Theodore Roosevelt’s ranch in the badlands of North Dakota where the “restorative power of wilderness” made a “lasting impression” on the 26th president of the United States is being encroached on by industrialization due to the state’s fracking oil boom.
NPR reports the “contemplative seclusion” of the Elkhorn Ranch often called the “Walden Pond of the West” will be “ruined” by a proposed gravel pit just across the Little Missouri river and a new bridge.
“[Roosevelt National Park Superintendent Valerie] Naylor points out the old hand-dug well and the ranch house’s massive foundation stones cut from granite. But that’s all that’s left today.
“That is one thing that’s so special about the Elkhorn Ranch. We don’t have anything that’s reconstructed here,” she says. “We just have a site. And it’s the way that it was, for the most part, when Roosevelt first found it in the summer of 1884.”
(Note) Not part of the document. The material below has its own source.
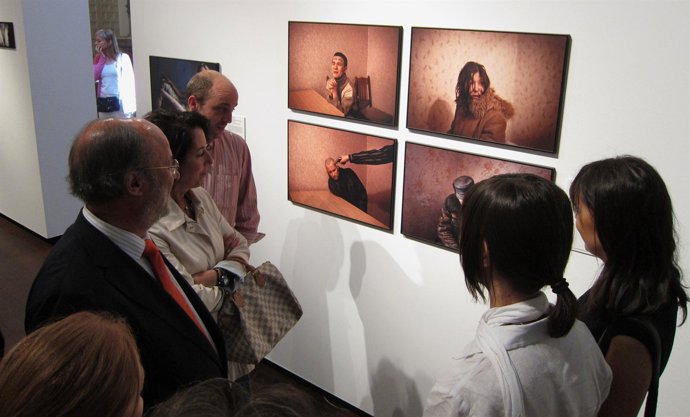 Inauguración De La Exposición World Press Photo 12, En La Sala De Las Francesas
Jim Arthaud, chairman of the Billings County Board of Commissioners and owner of a trucking company says if the bridge is built “the whole public would be able to use that place, not just the elitist environmentalists”:
“That Elkhorn Ranch site is surrounded by people that own mineral rights,” Arthaud says, “and it’s going to get developed.”
There’s pressure on President Obama to declare the surrounding area a national monument, an executive order tool often used by Roosevelt and more recently by Bill Clinton. If that should happen, Arthaud says, the locals would raise hell and do everything in their power to reverse it.